The response should consist of the data below, copied exactly, with no pictures in it.

+++ Provided data

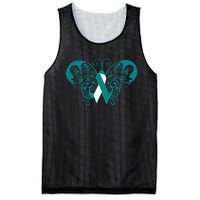 Cervical Cancer Awareness Support TealWhite Ribbon Mesh Reversible Basketball Jersey Tank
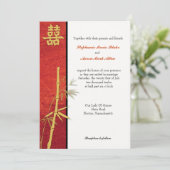 Aziatische uitnodiging tot het indienen van rode b (Staand voorkant)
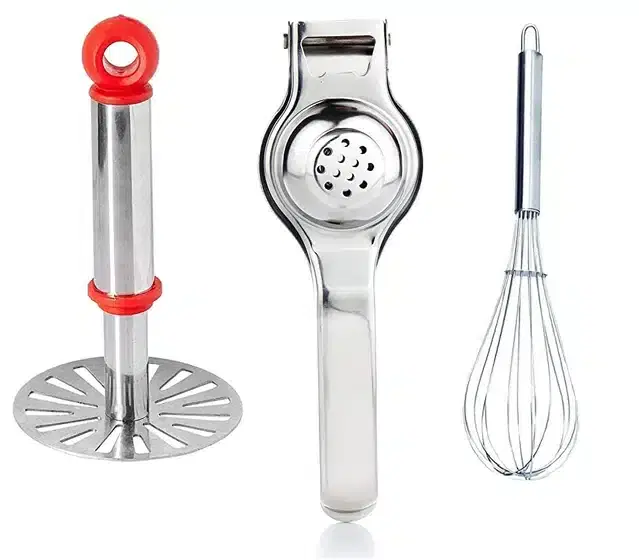 Combo Of Vegetables Masher, Egg Beater Whisk And Lemon Squeezer, Pack Of 3, Silver, Free Size, B73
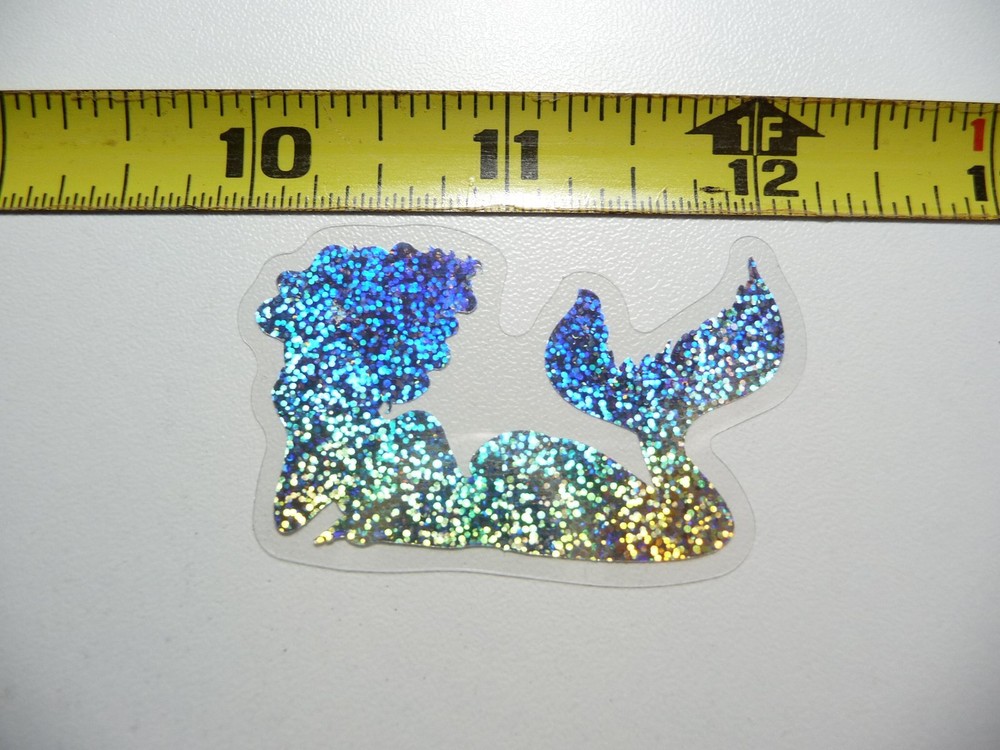 HOLOGRAPHIC RELAXING MERMAID STICKER DECAL OCEAN SEA LIFE SPARKLE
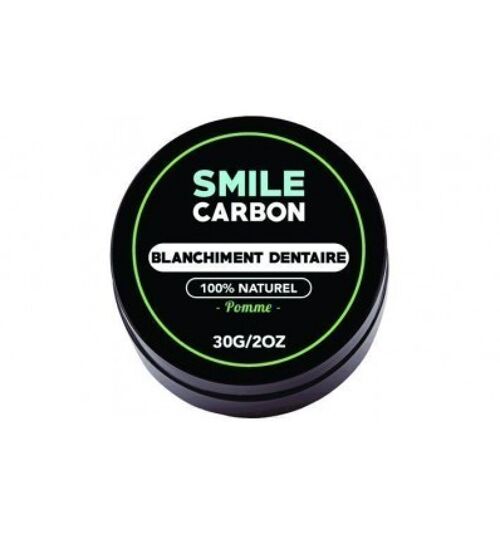 SMILE Carbon Original - Poudre de charbon blanchissante 30 gr. Goût Pomme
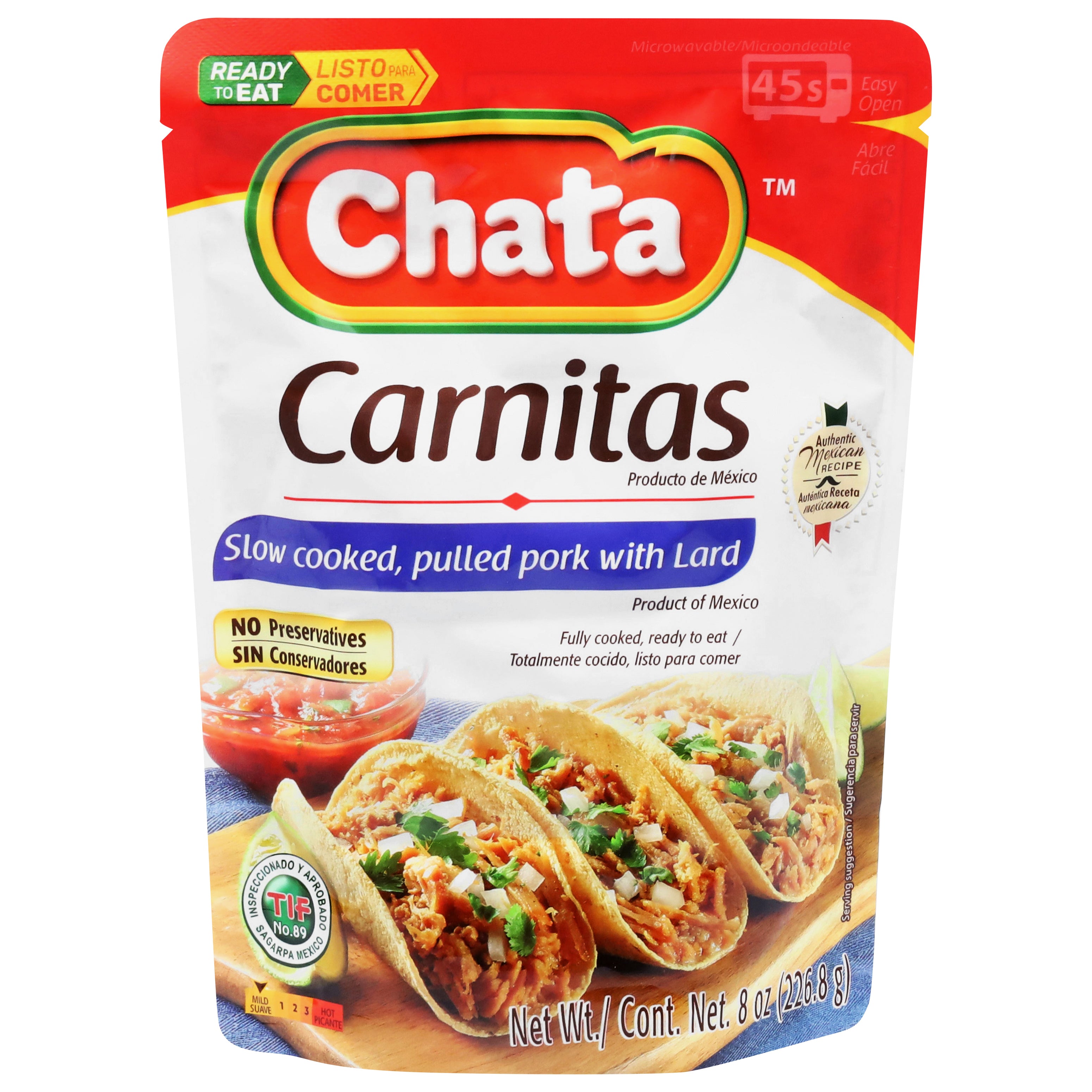 Chata Mild Carnitas 8 oz - Case of 12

++++++

Output:
 Cervical Cancer Awareness Support TealWhite Ribbon Mesh Reversible Basketball Jersey Tank
 Aziatische uitnodiging tot het indienen van rode b (Staand voorkant)
 Combo Of Vegetables Masher, Egg Beater Whisk And Lemon Squeezer, Pack Of 3, Silver, Free Size, B73
 HOLOGRAPHIC RELAXING MERMAID STICKER DECAL OCEAN SEA LIFE SPARKLE
 SMILE Carbon Original - Poudre de charbon blanchissante 30 gr. Goût Pomme
 Chata Mild Carnitas 8 oz - Case of 12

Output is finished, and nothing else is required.